Thursday, August 17, 2017

The Travel Book by Lonely Planet

The Travel Book is a beautiful, high quality journey through every country in the world.  Photographed in an awe-inspiring National Geographic style and featuring write-ups, and data of each country by the superb folks at Lonely Planet travel guides, this book is more than just a simple atlas and more than just a simple photography book.  It’s an excellent read for any armchair traveler, with one exception: it might not fit in your armchair. This book is enormous, clocking in at 11x14 inches and about 10 pounds, which makes it better suited for a dining room table than a La-Z-Boy.  But it is also a worthwhile adventure for anyone who’s ever wanted to get a sense of the richness and diversity of all of the countries of Earth. Definitely recommended.

Class Mom by Laurie Gelman

"Class Mom" by Laurie Gelman is a romp through kindergarten from the viewpoint of a class mom; you know, the person that is designated to round up volunteers for treats and events throughout the school year. Gelman approached her subject with vigor, humor and plenty of snark.
She embraces her story speaking from experience, having been an actual class mom herself. Gelman served as a class mom and was even fired from that role. She takes that experience and it applies it to her main character Jen Dixon.
Jen's emails to parents are loaded with sarcasm and the aforementioned snark, and at times are either found hilarious, or offensive, depending on the parents they are sent to. The story, however, does not stay in the world of email alone. "Class Mom" looks at the relationships of parenting - family, friends and getting along with new people. Some of these new people have a few issues of their own that are revealed as the book plays out. At times there is even a little bit of a mystery to be solved.
"Class Mom" takes place during the course of one school year, and it keeps you involved throughout as you go from class event to class event. Sometimes saucy and even a little suggestive, the story is filled with humor and keeps you turning pages to see who you can learn more about next. My wife and I both thoroughly enjoyed it. A great read with school starting up in the next few days.

Monday, August 7, 2017

Always by Sarah Jio

As Kailey Crane leaves a restaurant with her fiancĂ©, she comes face to face with a homeless man whom she recognizes as her former love, Cade.  What has happened to him and why did he disappear from her life so many years ago? Kailey needs answers and sets out to find this man though aware how her search and concern could jeopardize her relationship with her fiancĂ©, Ryan. How did a successful millionaire now live on the streets?  Helping Cade get the care he needs and spending time with him reignites old feelings but she feels love for Ryan too. A love story with some mystery also delves into issues with the homeless and social justice.

Saturday, August 5, 2017

"You Say Tomato" by Joanne Weir

Are your tomatoes starting to ripen rapidly in your garden?  Mine are, and I've found a book full of ideas to deal with all of them.

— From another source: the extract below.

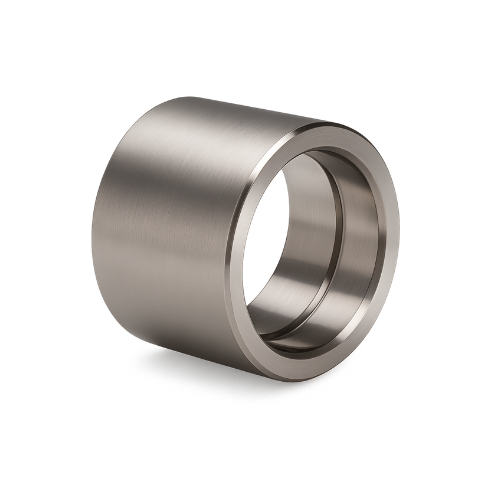 FULL COUPLING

"You Say Tomato" has information on the basics of peeling, freezing, drying, and canning tomatoes, as well as lots of great looking recipes for sauces, soups, salads, entrees, spreads -- even some desserts and drinks!  I'm excited to get into the kitchen and cook up some tasty tomato dishes!

Thursday, August 3, 2017

On Second Thought by Kristin Higgins

And to think I picked this one because of the lovely purple tulips on the cover! It's really the story of two half-sisters who are both facing a difficult time in their lives. One, having been married only four months, loses her husband to a bizarre accident. She experiences real grief that you can truly empathize with. While the other sister doesn't experience death, she does lose her relationship with a long-time boyfriend. Her grief is just as real, and Higgins does a good job of drawing parallels between the two. Also included are hilarity, family issues, and romance, making it a well-rounded interesting tale.

Tuesday, August 1, 2017

Eggshells by Caitriona Lally

Told by her parents that she was "left by fairies," Vivian spends her days walking the streets of Dublin, Ireland in search of the portal that she will fit in.  Her eccentric ways will not conform to everyday norms; she spells trouble for social workers.  A lover of words, maps, and history, Vivian functions every day on her own terms, keeping a fish for company and advertising for a friend who in her mind must be named Penelope.  Her only sister avoids her and tells her to shower more often. With good intentions, Vivian prepares an elaborate dinner and invites her family over.  What follows is a series of laugh aloud mishaps.  Eggshells is a dark comedy of mental illness that keeps me reading and hoping for a breakthrough for the protagonist.